081228Jones2Martin Luther King brought the full force of the movement to bare in Birmingham, with little success. He could not convince enough of the city’s black adult population to participate in a series of coordinated acts of civil disobedience. He enlisted the aid of Reverend James Bevel, who came up with the idea of using the city’s youth to stage a series of school walkouts and marches. The authorities, under the leadership of Birmingham’s infamous Chief of Police, Bull Connor, arrested and filled the jails with up to 3,000 children, and set dogs and fire hoses on the youth in Kelly Ingram Park, right in the city’s downtown area. These violent scenes and images were captured and shown on television, and printed in newspapers throughout the country and all over the world. These disturbing images demonstrated to the world that America was a democracy in name only, and that African Americans were systematically and brutally denied their basic human and civil rights.  The negative exposure Birmingham received drove the city’s leaders to begin desegregating the city, and led them to remove Bull Connor as police chief. Additionally, the movement to desegregate Birmingham helped solidify the role young people have played in the effort to achieve civil and human rights for African Americans.
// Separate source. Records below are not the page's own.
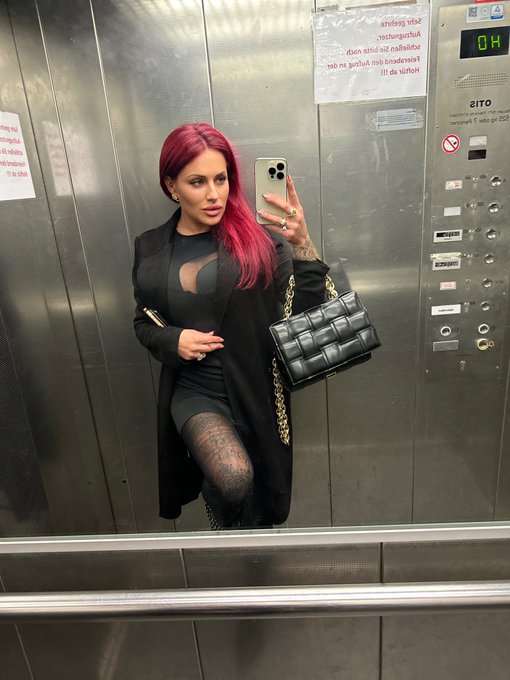 Viel zu viel zutun, viel zu viel im Kopf 🙄 https://t.co/KuAMP4huNq<a href="/tag/photooftheday"class="tags"><span>#photooftheday</span></a><a href="/tag/model"class="tags"><span>#model</span></a><a href="/tag/picoftheday"class="tags"><span>#picoftheday</span></a><a href="/tag/cute"class="tags"><span>#cute</span></a><a href="/tag/follow"class="tags"><span>#follow</span></a>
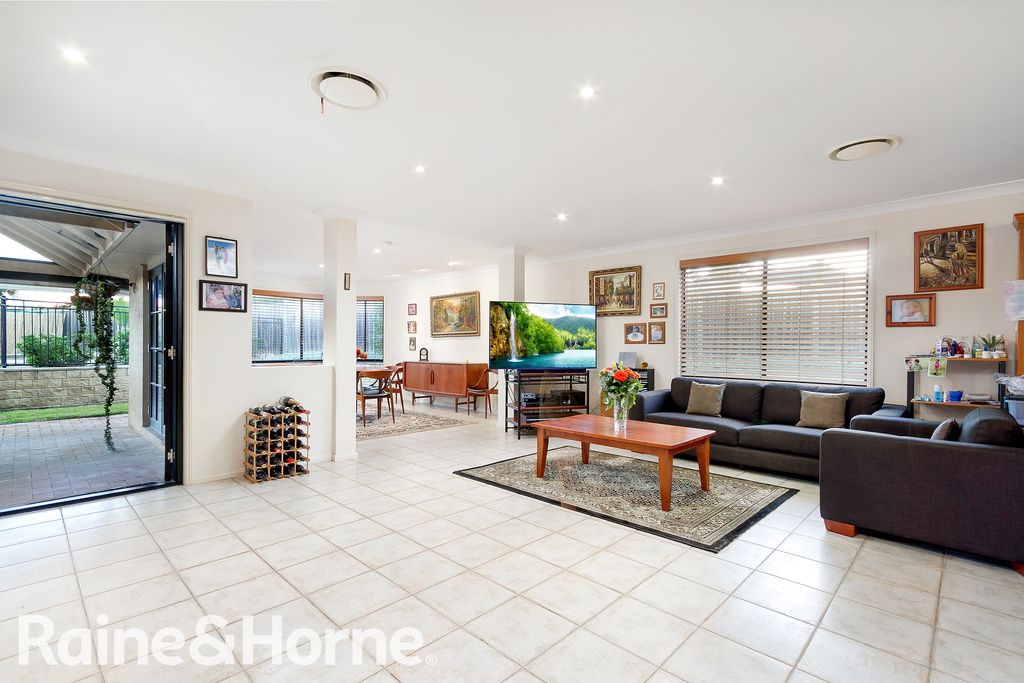 8 Pianosa Place, Glenwood NSW 2768, Image 1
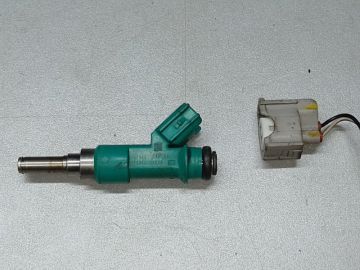 Форсунка топливная LEXUS RX350/450 09-15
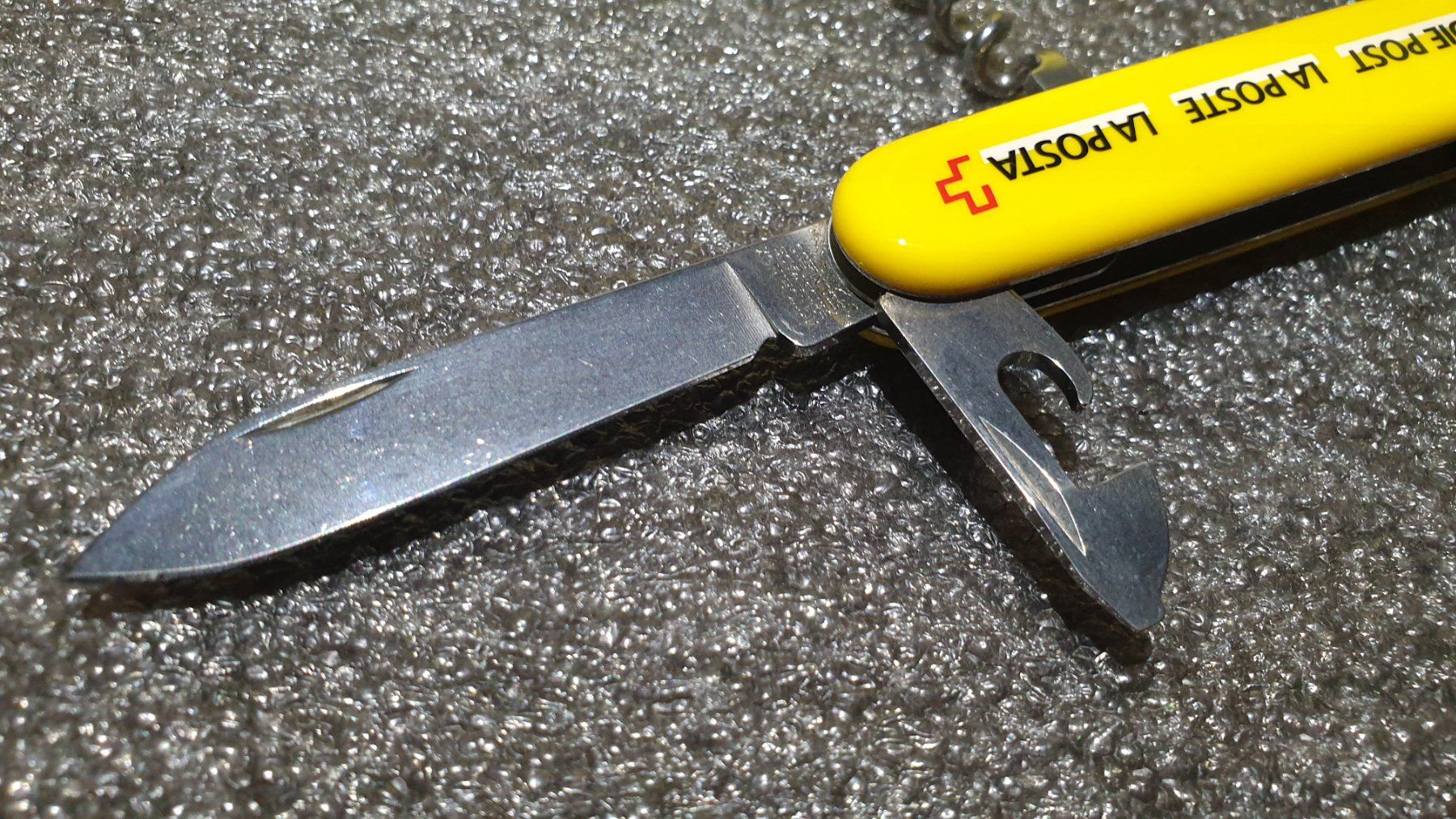 Victorinox Coltelli tascabile: Victorinox La Poste Post Gelb Sackmesser – Usato da Val D Illiez venduto da SnowRoof 3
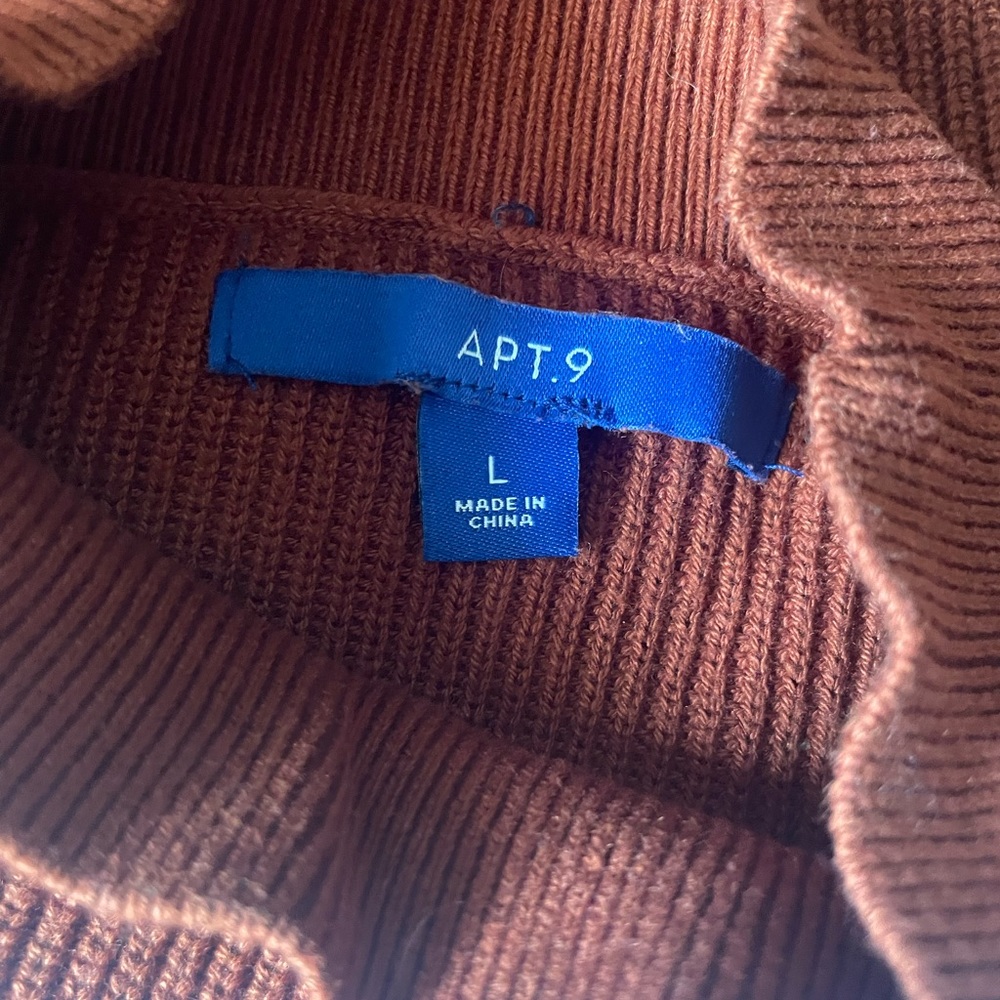 APT 9 Colorblock Sweater - Picture 2 of 2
During my lesson I showed video and still footage from the actual protest; images of children packed in jail cells like roaches, vicious police dogs ripping through the clothing and into the skin of protesters, and black bodies knocked down under the ferocious pressure of fire hoses. Students also had opportunities to examine letters and other primary source documents, and engaged in classroom discussions which were designed to enhance their understanding of the civil rights movement and explore its connection to President Obama’s election. As a culminating activity, students were given opportunities to identify, explore, and write about the contemporary social issues they would like to address.

I spent three days teaching this lesson, and I taught it in each one of my classes. My students were deeply engaged, and relished the opportunity to analyze an historic moment, as it actually unfolded. Once the unit was complete, the students seemed grateful for having an opportunity to think about the importance of this election, connect it to their history, and consider its implications for their own lives.

I can’t wait until the inauguration.